In [5]:
import pandas as pd
import numpy as np
import os
import matplotlib.pyplot as plt
import seaborn as sns
#from tabula import read_pdf

## Read HIC Raw Data (2007-2021) and Standardize Column Names

In [6]:
os.chdir('../SourceData/RawHIC')

In [7]:
hic_2012 = pd.read_csv('2012HIC_RawData.csv',dtype={'Geo Code': 'Int64'})
hic_2012.rename(columns = {'HUD CoC Number':'CoC', 'Program Name':'Project Name', 'Program Type':'Project Type'}, inplace = True)

hic_2013 = pd.read_csv('2013-Housing-Inventory-Count-Raw-File.csv',dtype={'Geo Code': int})
hic_2013.rename(columns = {'CoC':'CoC Name','HudNum':'CoC', 'year': 'Year','Program Name':'Project Name', 'Program Type':'Project Type','Year-Round Beds':'Total Year Round Beds', 'CH Beds':'Chronically Homeless Beds'}, inplace = True)

hic_2014 = pd.read_csv('2014-Housing-Inventory-Count-Raw-File.csv',dtype={'Geo Code': int})
hic_2014.rename(columns = {'CoC':'CoC Name', 'HudNum':'CoC','year':'Year','Year-Round Beds':'Total Year Round Beds','CH Beds':'Chronically Homeless Beds'}, inplace = True)

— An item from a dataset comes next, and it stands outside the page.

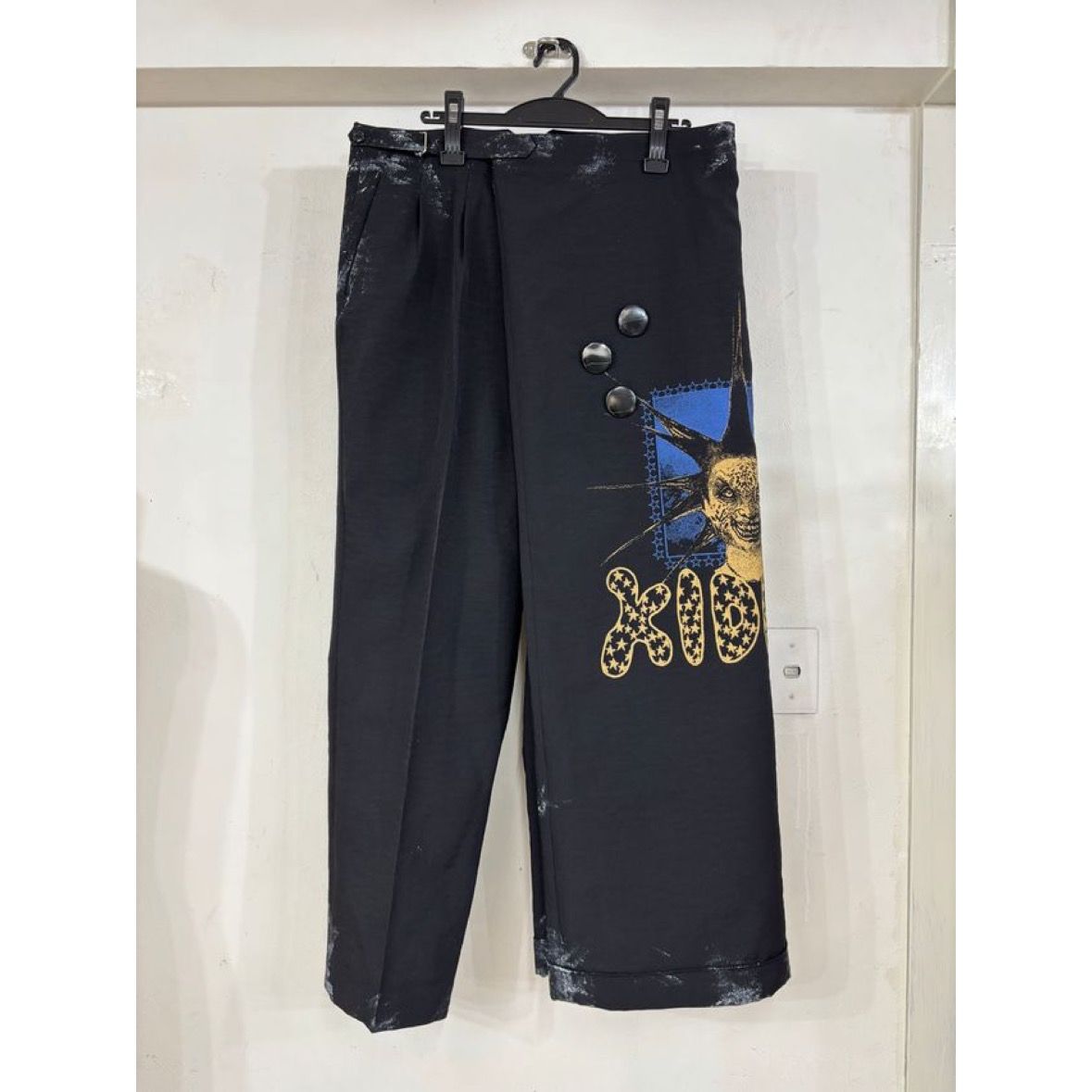 【残り一点】Tailored Skirt Pants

hic_2015 = pd.read_csv('2015-Housing-Inventory-Count-Raw-File.csv',dtype={'Geo Code': int})
hic_2015.rename(columns = {'CoC':'CoC Name','HudNum':'CoC','year':'Year','Year-Round Beds':'Total Year Round Beds','Program Name':'Project Name', 'Program Type':'Project Type','CH Beds':'Chronically Homeless Beds'}, inplace = True)

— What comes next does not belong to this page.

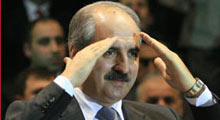 Kurtulmuş tarih verdi!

hic_2016 = pd.read_csv('2016-Housing-Inventory-Count-Raw-File.csv',dtype={'Geo Code': int})
hic_2016.rename(columns = {'CoC':'CoC Name', 'HudNum':'CoC','notes':'Notes','year':'Year','Year-Round Beds':'Total Year Round Beds','Program Name':'Project Name', 'Program Type':'Project Type'}, inplace = True)

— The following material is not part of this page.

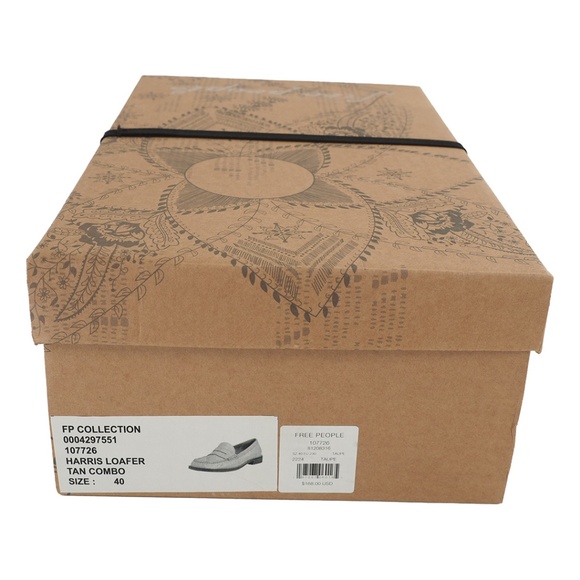 Free People Harris Loafer - Picture 10 of 10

hic_2017 = pd.read_csv('2017-Housing-Inventory-Count-Raw-File.csv',dtype={'sandyRelatedNote': str,'Geo Code':int})
hic_2017.rename(columns = {'CoC':'CoC Name', 'HudNum':'CoC','year':'Year','address1':'Address1','address2':'Address2','city':'City','zip':'Zip','Year-Round Beds':'Total Year Round Beds','Program Name':'Project Name', 'Program Type':'Project Type'}, inplace = True)
hic_2017['Notes'] = hic_2017.notes+". "+hic_2017.projectNotes

hic_2018 = pd.read_csv('2018-Housing-Inventory-County-RawFile.csv',dtype={'Target Population B': str,'address2':str,'sandyRelatedNote':str,'Geo Code':int})
hic_2018.rename(columns = {'CoC':'CoC Name', 'HudNum':'CoC','year':'Year','address1':'Address1','address2':'Address2','city':'City','zip':'Zip','Year-Round Beds':'Total Year Round Beds','Program Name':'Project Name', 'Program Type':'Project Type'}, inplace = True)
hic_2018['Notes'] = hic_2018.notes+". "+hic_2018.projectNotes

hic_2019 = pd.read_csv('2019-Housing-Inventory-County-RawFile.csv',dtype={'sandyRelatedNote': str,'Geo Code':int})
hic_2019.rename(columns = {'CoC':'CoC Name', 'HudNum':'CoC','year':'Year','address1':'Address1','address2':'Address2','city':'City','zip':'Zip','Year-Round Beds':'Total Year Round Beds','Program Name':'Project Name', 'Program Type':'Project Type'}, inplace = True)
hic_2019['Notes'] = hic_2019.notes+". "+hic_2019.projectNotes

hic_2020 = pd.read_csv('2020-HIC-Raw-File.csv',dtype={'sandyRelatedNote': str,'Geo Code': int})
hic_2020.rename(columns = {'CoC':'CoC Name', 'HudNum':'CoC','year':'Year','Year-Round Beds':'Total Year Round Beds','address1':'Address1','address2':'Address2','city':'City','zip':'Zip','Program Name':'Project Name', 'Program Type':'Project Type'}, inplace = True)
hic_2020['Notes'] = hic_2020.notes+". "+hic_2020.projectNotes

hic_2021 = pd.read_csv('2021-HIC-Counts-by-State.csv',dtype={'sandyRelatedNote': str,'Geo Code':'Int64'})
hic_2021.rename(columns = {'CoC':'CoC Name', 'HudNum':'CoC','year':'Year','Year-Round Beds':'Total Year Round Beds','address1':'Address1','address2':'Address2','city':'City','zip':'Zip','Program Name':'Project Name', 'Program Type':'Project Type'}, inplace = True)
hic_2021['Notes'] = hic_2021.notes+". "+hic_2021.projectNotes


Combine all raw files into one dataframe

In [None]:
# all_hic_dfs = [hic_2012,
#               hic_2013,
#               hic_2014,
#               hic_2015,
#               hic_2016,
#               hic_2017,
#               hic_2018,
#               hic_2019,
#               hic_2020,
#               hic_2021]

In [8]:
hic_raw = pd.concat([hic_2012,
                     hic_2013,
                     hic_2014,
                     hic_2015,
                     hic_2016,
                     hic_2017,
                     hic_2018,
                     hic_2019,
                     hic_2020,
                     hic_2021], axis=0, ignore_index=True)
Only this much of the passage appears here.